Western media coverage of Ebola
One of the things that the Western media quickly seized upon -- when it became an international story -- was the attack on health care workers by West Africans... The Western media was attributing this to irrationality and superstition, and I think there’s a complicated set of circumstances that led to those initial reactions that speaks to a history of Western biomedical research in West Africa.
Biomedical research in Liberia
In the 1940s and 1950s, Liberia was one of the first places where experiments were done using DDT for malaria eradication. So, widespread massive sprayings of DDT through the area to try to control malaria. In the 1970s, there was a lot of work going on there on Hepatitis A and B vaccine research. So part of the suspicion of healthcare workers initially, certainly, was connected to that long history of biomedical research and extraction that goes back in Liberia’s past.
Mistrusting the government
[There] was a sense among certain parts of the population of disbelief, that Ebola wasn’t real... There’s a level of mistrust of government going back to the Civil War, and there were reports that this was a scam for the government to get more outside money. So there were certain elements of disbelief -- I wouldn’t say it was widespread, but certainly there were rumors like that.
Western ideas about West Africa
[Western fears about diseases spreading from Africa] have a long history going back to the 18th century, thinking about equatorial Africa and West Africa as the white man’s grave and a place where disease lurks.

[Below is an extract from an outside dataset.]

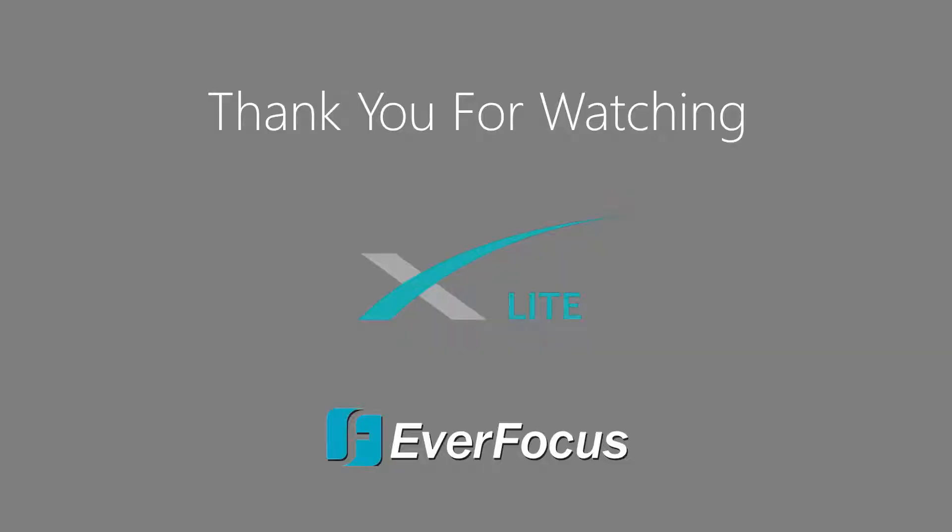Thank you for watching. For more information about X-Lite, you can view the rest of the videos in the X-Lite training guide series.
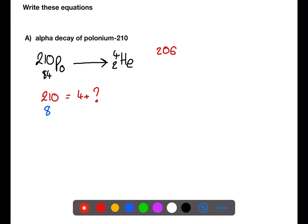And then for the atomic numbers, we have 84 equals 2 plus an unknown atomic number, which will be 82. We can then use the data book to find atomic number 82, which is lead.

The other thing that we see in the disaster response is a kind of movement in, address the crisis, and then pull out, and then what’s left? It’s going to be people that are there for the long haul that are really going to be committed to finally address the public health infrastructure in places like Liberia, and begin to see that you cannot have development without public health. That’s the kind of attention that’s going to be needed.